To obtain "protective components" for power supplies in its devices, Apple has turned to Taiwan's Thinking Electronic, according to DigiTimes. Previously, Apple purchased most of its protective components from Japan's Murata.

But Murata has reportedly not been able to recoup after the massive earthquake that struck Japan in March. That left Apple with no choice but to seek out other partners.

Thinking is said to be the second largest supplier of protective components for Apple, representing a total of 35 percent. Previously, Japan's Murata was the largest supplier.

Thinking addressed the Japan earthquake on its own site soon after the disaster occurred in March. It noted that the company was in "constant contact" with suppliers regarding the availability of raw material for its own products.

"(Thinking) indicates that its raw material supply chain is not affected by the incident and its product lines operate as usual," the company said. "Thinking will keep monitoring its raw material supply and market demand to ensure its best production."



Last month during his company's quarterly earnings conference call, Apple Chief Operating Officer Tim Cook said the disaster in Japan did not greatly affect his company's supply of components. He also said he did not expect the situation to have a negative impact on the company in the near future.

However, Cook also cautioned that the situation in Japan remained volatile, with aftershocks and potential power outages.

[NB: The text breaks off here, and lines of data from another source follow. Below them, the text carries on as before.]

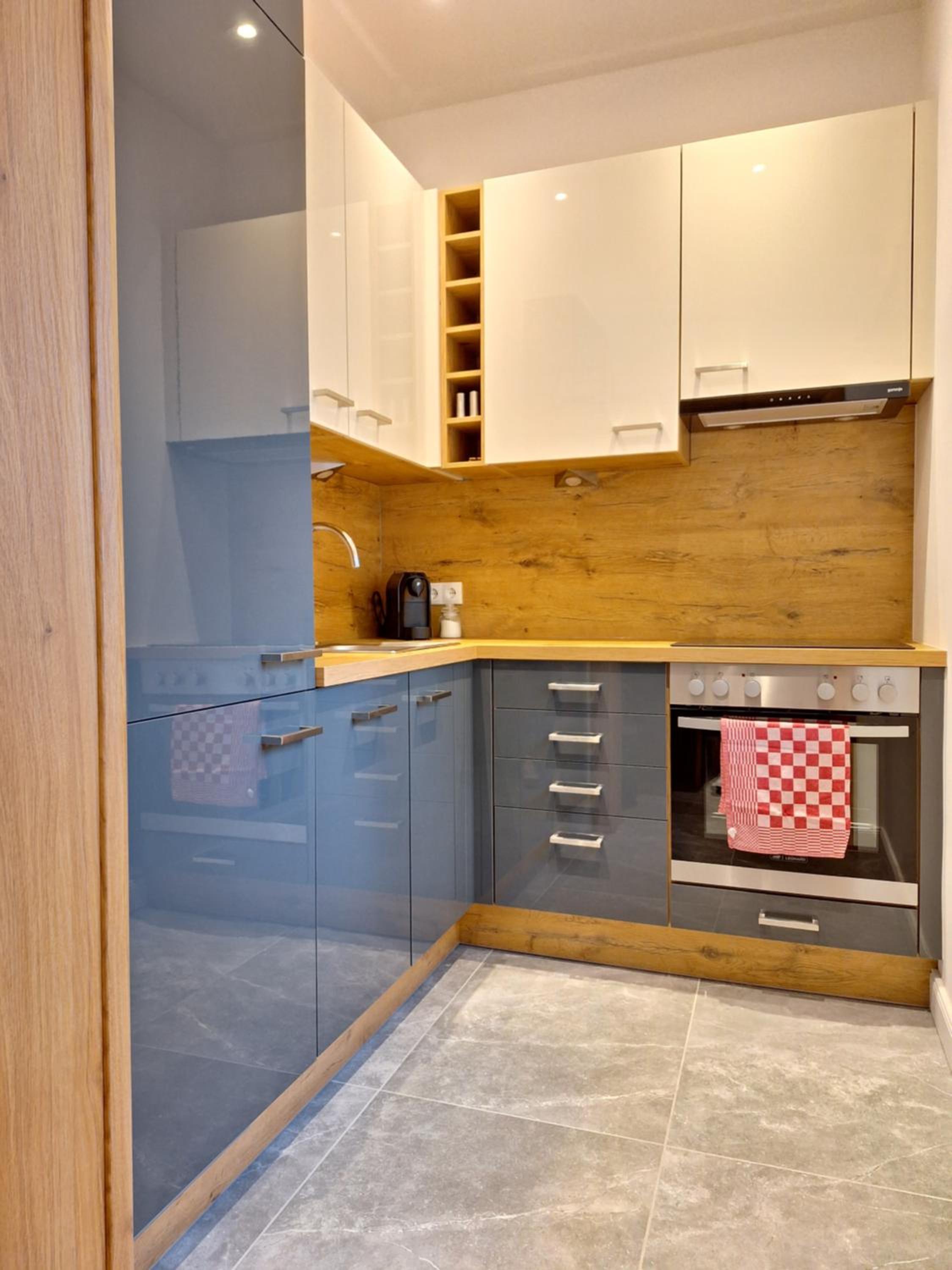 Quiet apartment near Vienna - 60m2 - 24h check-in - for business and family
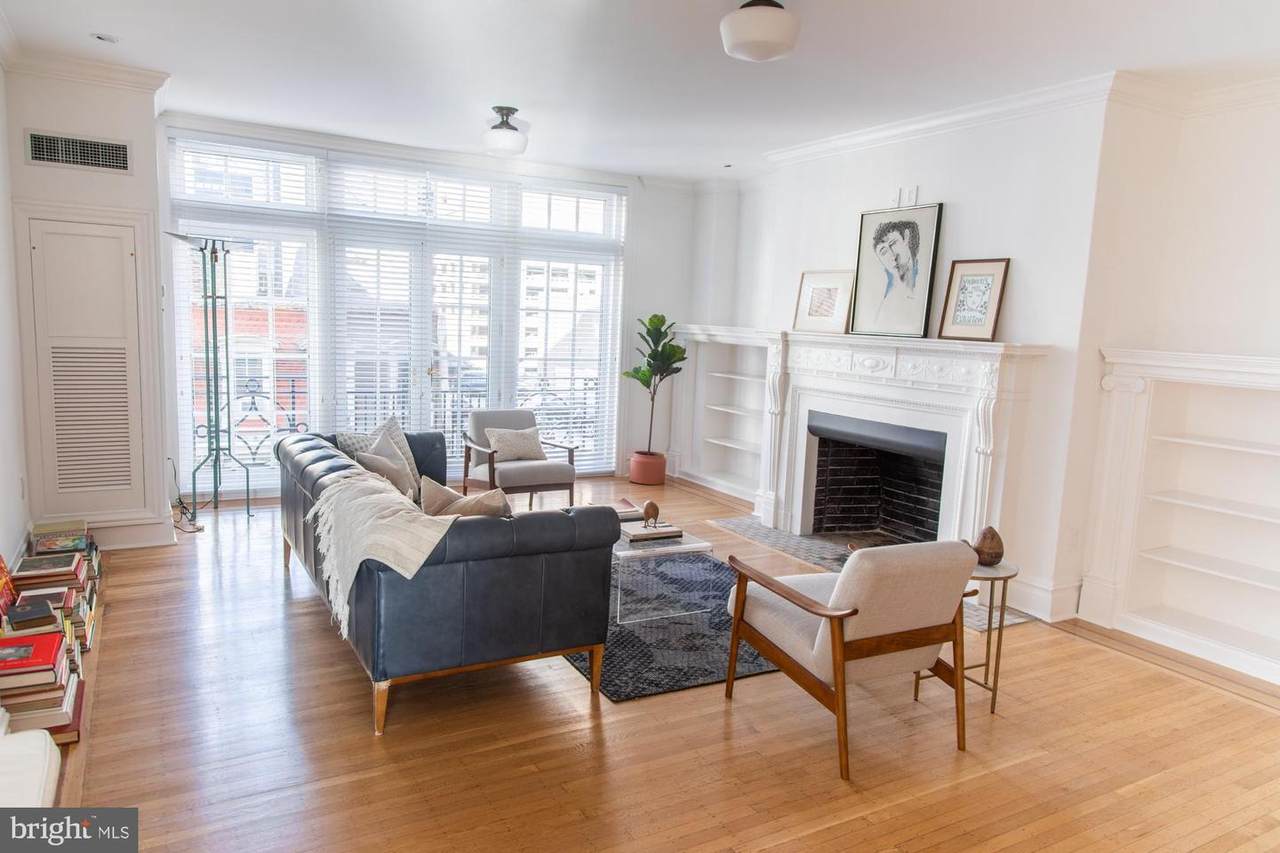 1520-28 Spruce Street - Photo 1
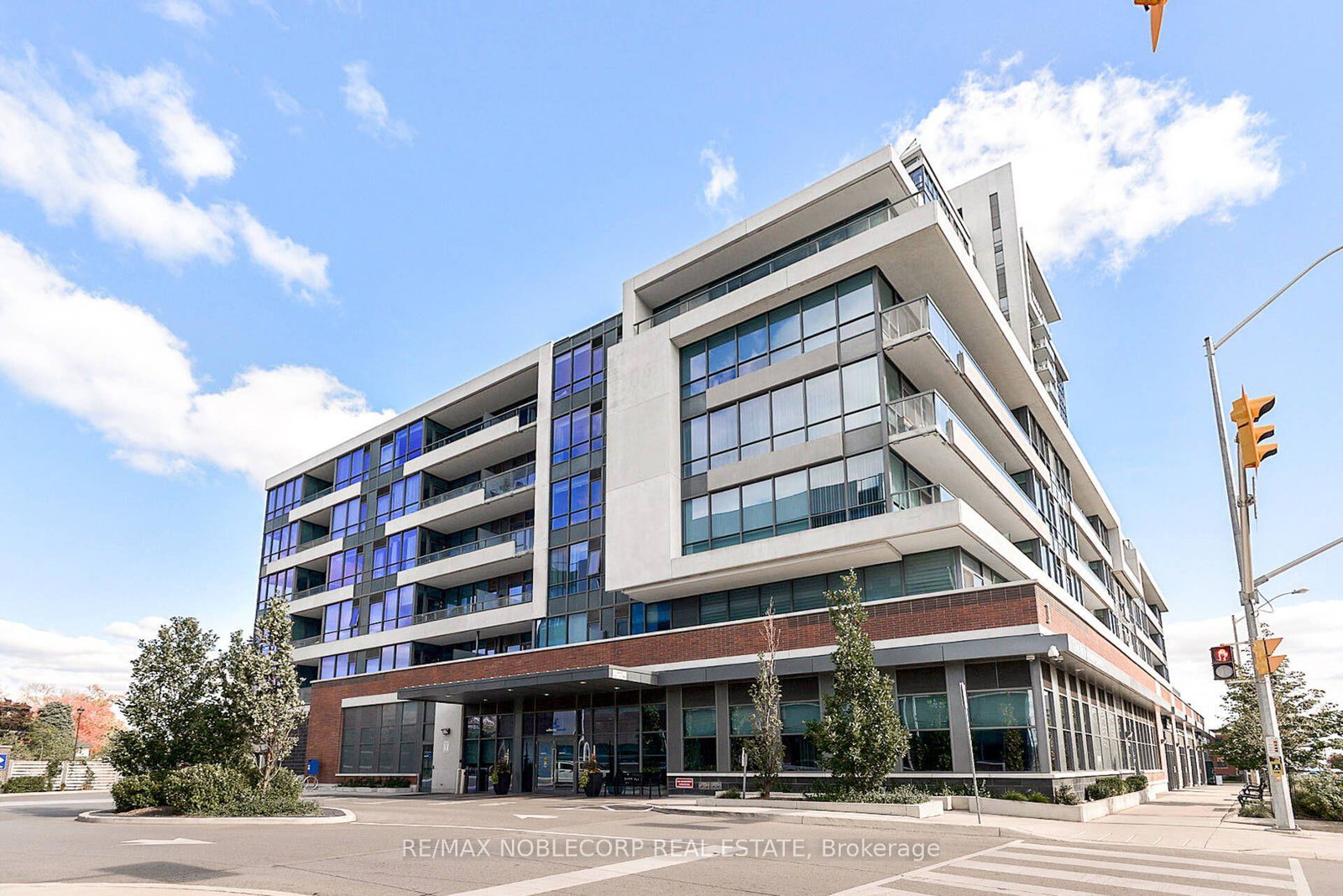 1-hurontario-street-mississauga-ontario-w13730096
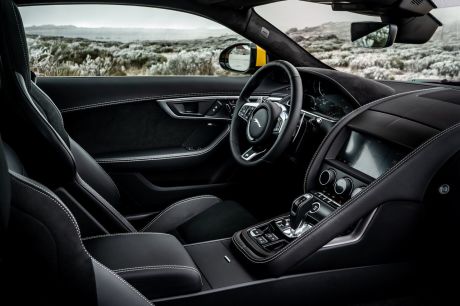 Interieur F-Type R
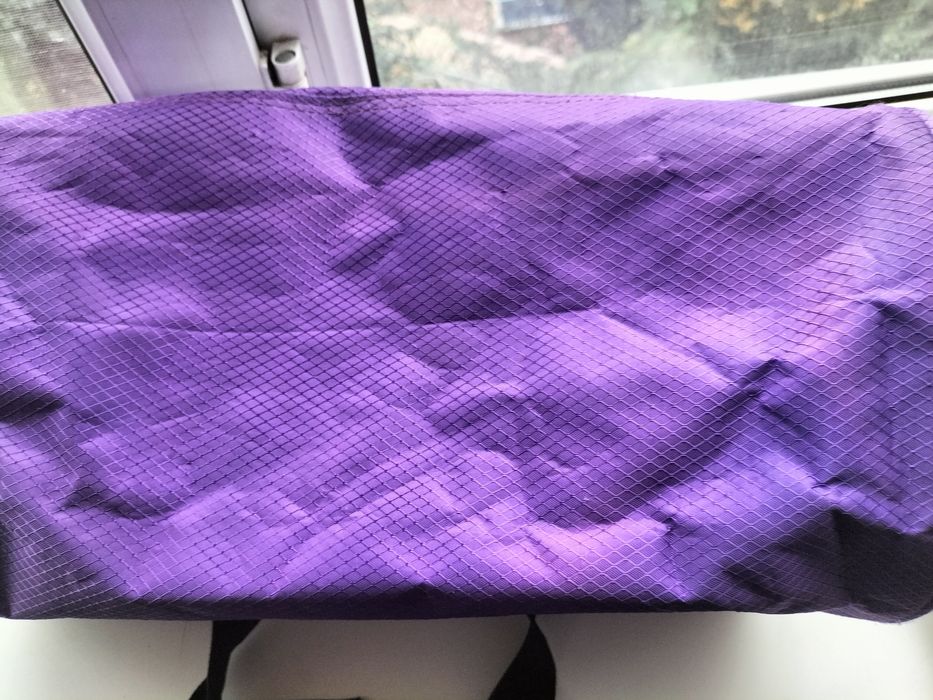 Продам сумку спортивную бу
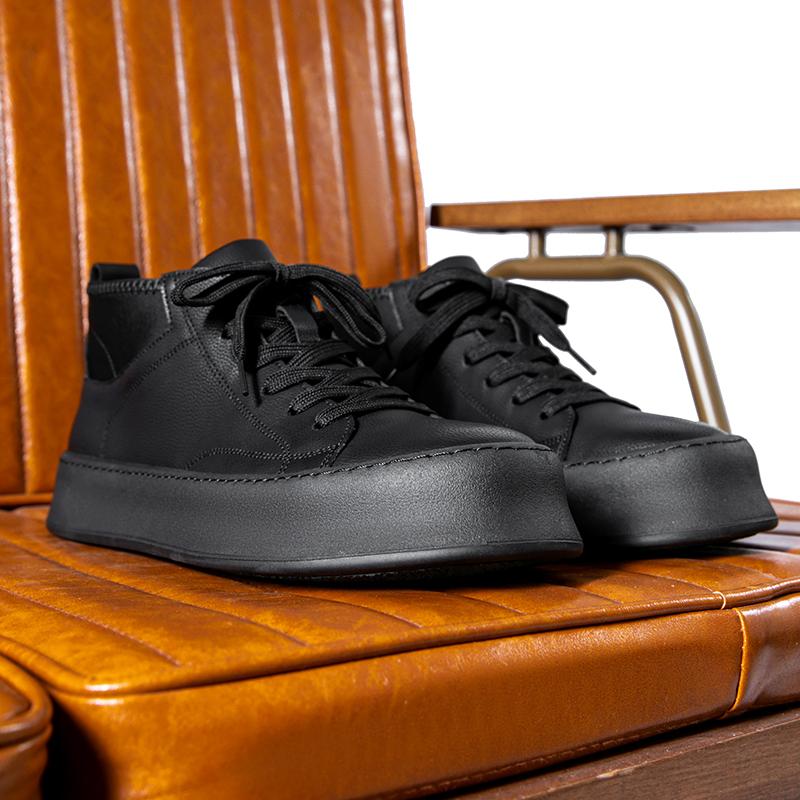 Módní teplé plyšové zimní boty pro muže se silnou podrážkou pánské kotníkové boty ležérní pánské šněrovací boty s vysokým svrškem nové všestranné venkovní tenisky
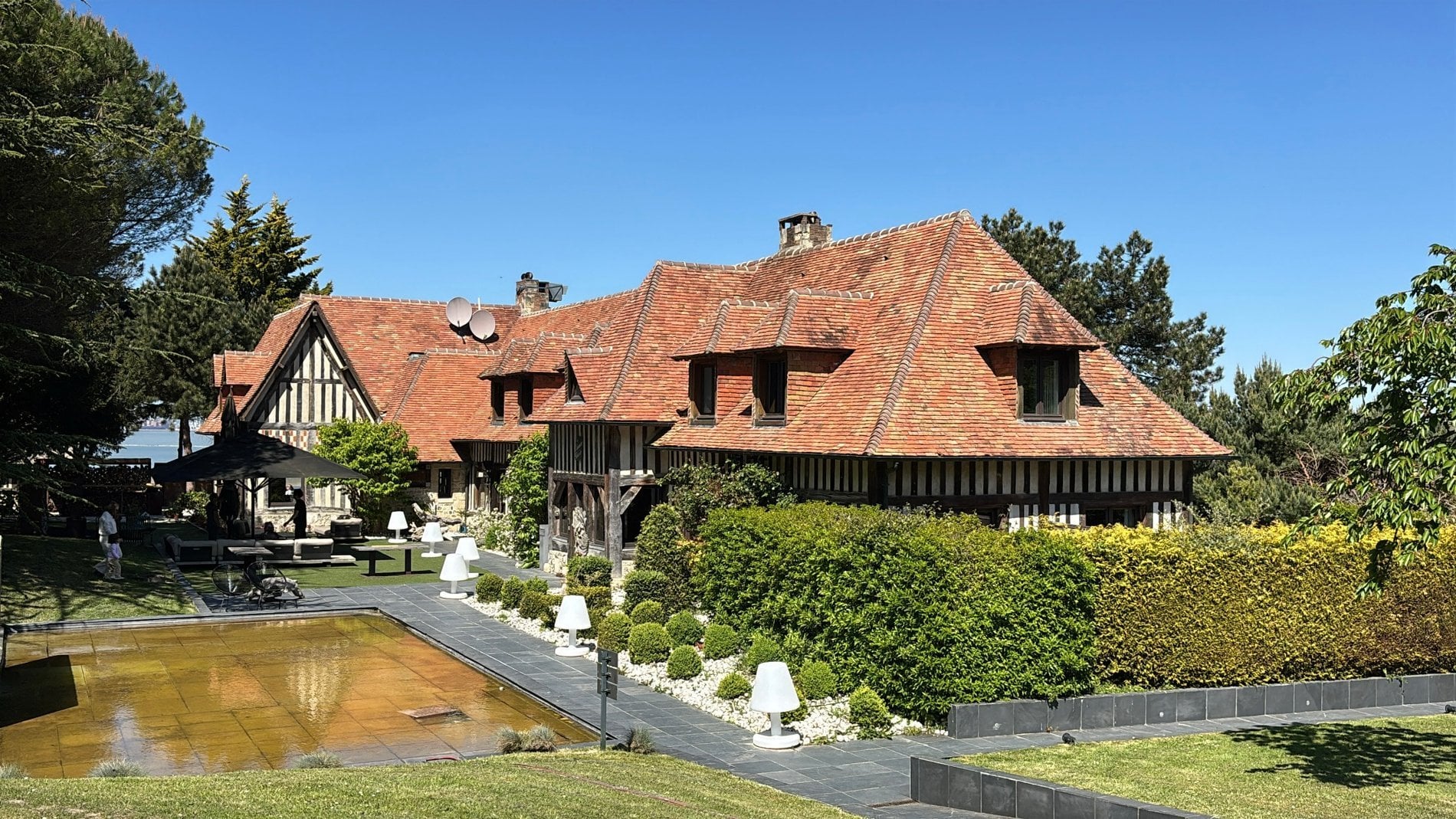 ac8b826b-36e9-4848-bd38-c1d2e945d656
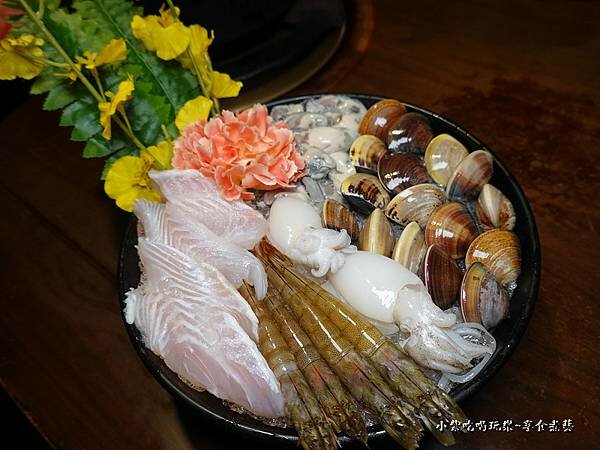 海の幸海鮮盤-肉多多火鍋桃園中正店 (2).jpg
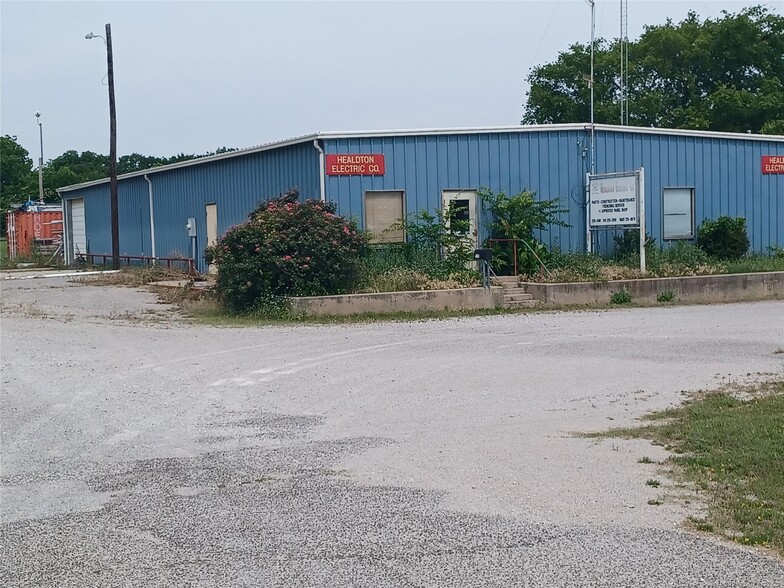 Primary Photo Of 9445 Highway 76, Healdton Warehouse For Sale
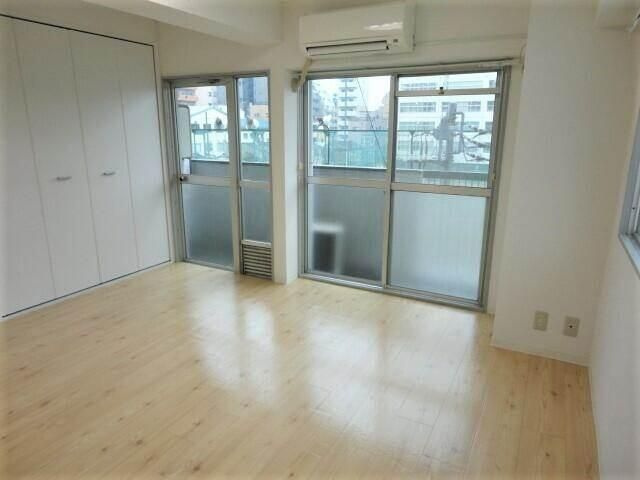 ワコーレ錦糸町マンションの寝室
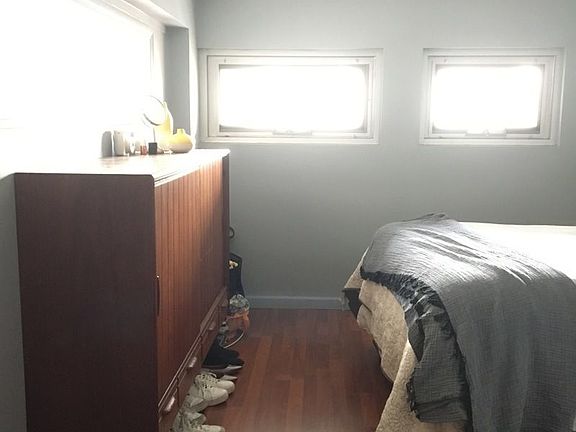 5th image of 347 Manhattan Ave APT 3R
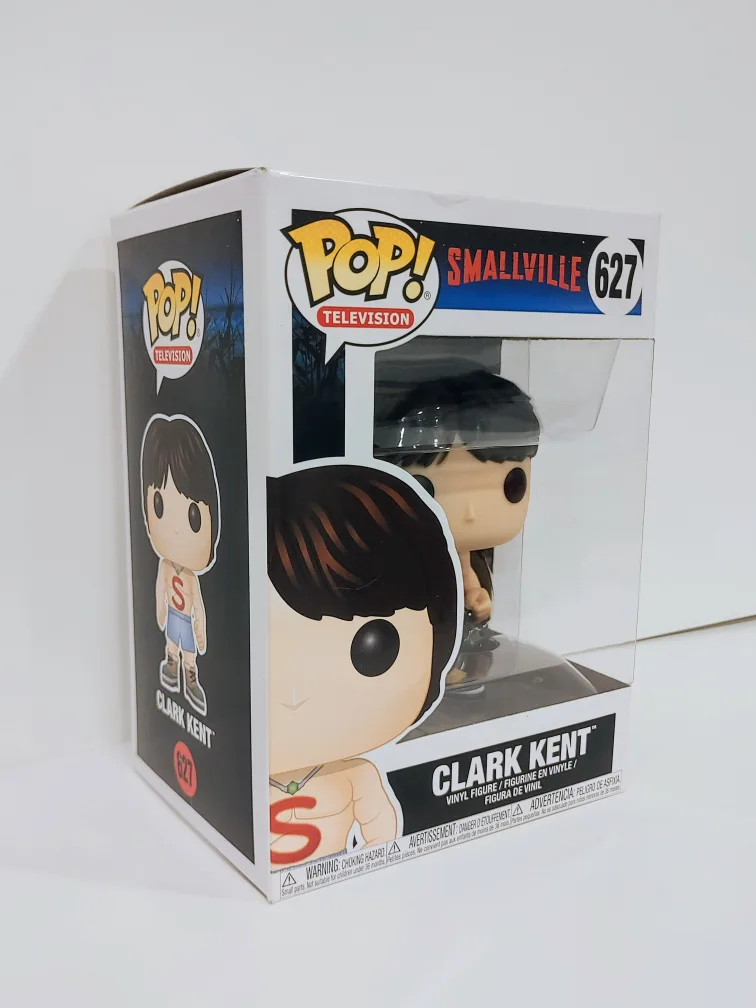 Smallville Funko Pop! Television #627 Clark Kent image indicator(4)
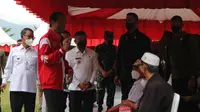 Kunjungi Palu, Jokowi Semangati Petugas Medis hingga Puji Antusiasme Warga Ikut Vaksinasi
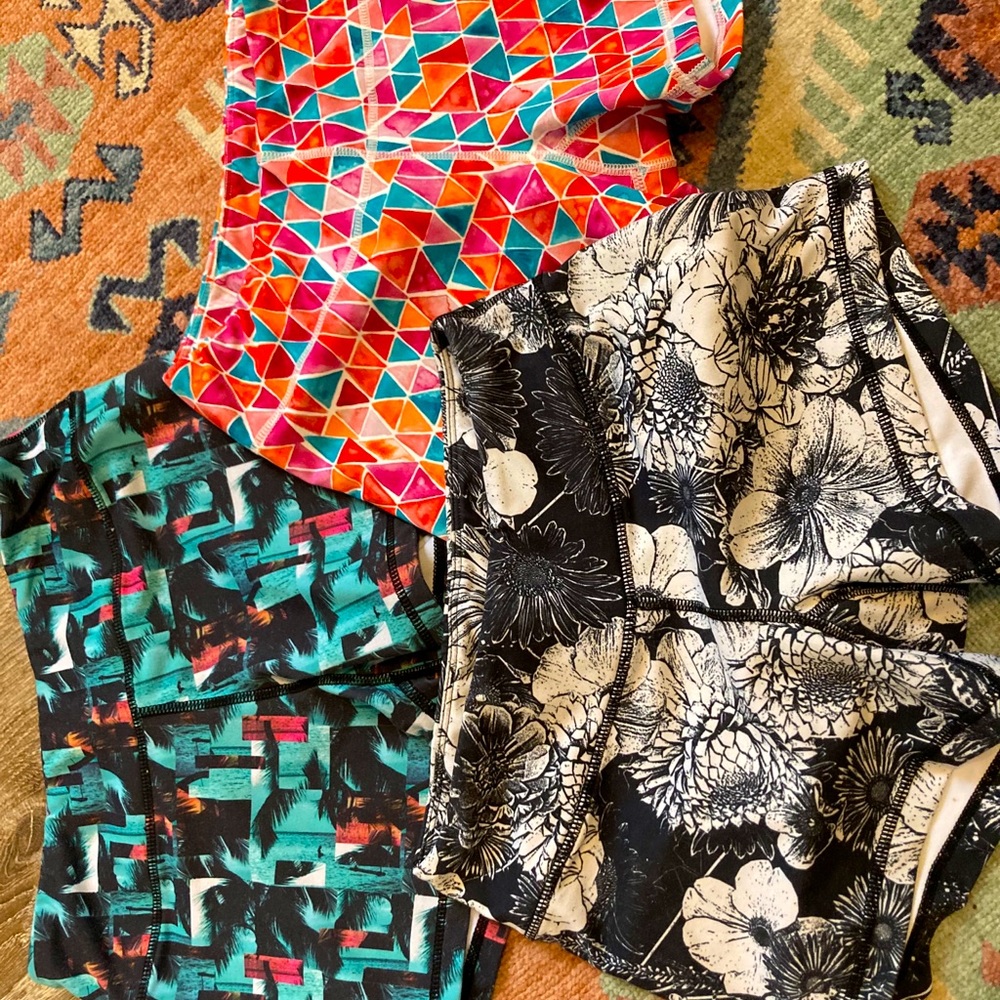 Born Primitive shorty shorts LOT XS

He said that Apple employees were working "around the clock on contingency plans" to ensure they would be able to secure components if deals were to fall through in Japan.

Cook also said that Apple would prefer to stick with its long-term partners in Japan, if possible. He expected that to take place in most instances.

Despite Cook's comments, rumors of component issues stemming from Japan have persisted. A week ago, DigiTimes reported that Apple's overseas manufacturing partner, Foxconn, is experiencing a shortage of labor and materials at its plants in Chengdu, China.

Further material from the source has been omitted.